Let’s try to improve the previous algorithm. We are comparing every element in the original array with all elements of the list of size k. Can we use a better data structure than a list so that we will perform less than k comparisons for every element? Apparently we can. We can use a max-heap of size k. The element that is at the root of the heap is the maximum element among the minimum k elements. So, for every element in the original array, we will compare it to the root if the heap. If it is larger than the root, we will do nothing and continue to the next element in the original array. But if the current element is smaller than the root of the max-heap, we will delete the root and insert the current element to the heap. The reason is, if the current element is smaller than the root, it means that the root of the heap is no longer one of the minimum k elements, since the current element has a smaller value. Why do we use a heap then? Because we can check whether the current element is one of the minimum k elements we have seen so far in O(1), we just look at the root of the heap. The reason we use a max-heap instead of a min-heap is that we want to compare the current element with the largest element among the minimum k elements. Because that value will be replaced with the current element and we want it to be at the root for O(1) comparison (if we wanted to find the maximum k elements, then we would use a min-heap). After deciding that the root should be replaced, extracting it from the heap and inserting the current element takes O(logk) time. Therefore, complexity of this solution is O(Nlogk). This is much better than the previous approach since it’s logarithmic on k instead of linear. And it is very close to optimum, which is O(N). We can’t do better than O(N) since we have to look at every element in the original array at least once. But can we do it in O(N)?

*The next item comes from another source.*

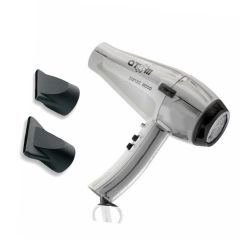 Tecno Elettra Professional Hair Dryer Atom Ionic 3000 [TE100]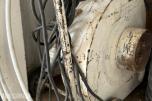 Stor parti ventilasjonsutstyr - Lindab, TROX, Swegon, Camfil m.fl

Without using any additional data structures, let’s form a min-heap from the original array in-place. This can be done in O(N) time using Floyd’s Algorithm (also known as fast heap construction), which forms the heap bottom-up. Remember that heaps are complete binary trees which can also be represented as arrays. When we start to construct a heap bottom-up we don’t perform any operations for the last N/2 elements (the leaves of the tree, level 0) because they don’t have any children, so they already satisfy the min-heap ordering. Then for N/4 elements at level 1 (parents of the leaves) we perform at most 1 bubble-down operation, because they may not satisfy min-heap property (the leaves may be smaller). Then for N/8 elements at level 2 we perform at most 2 bubble-down operations. And it goes on like this up to the root of the tree where we perform at most logN bubble-down operations. If we sum up, we get 1*N/4 + 2*N/8 + 3*N/16 + … + logN*N/2^(logN+1) <= 2N which is O(N). Since this is a geometric series, the sum converges. So, we can construct a heap from an array in linear time. Now we have a min-heap and we need its k minimum elements. We simply perform k delete-min operations on the heap, each of which takes O(logN) time, and get the minimum k elements. The complexity of this second part is O(klogN), and overall complexity of the algorithm is O(N) + O(klogN). Is this O(N)? Depending on the relative values of k and N, this algorithm can be O(N). Specifically, if k<O(N/logN), which is not a small number, then the algorithm is linear. Let’s see with an example. If N is 1 million, we can have k up to 50,000 and the algorithm would still be linear. Which is a reasonable value since we said k << N in the beginning.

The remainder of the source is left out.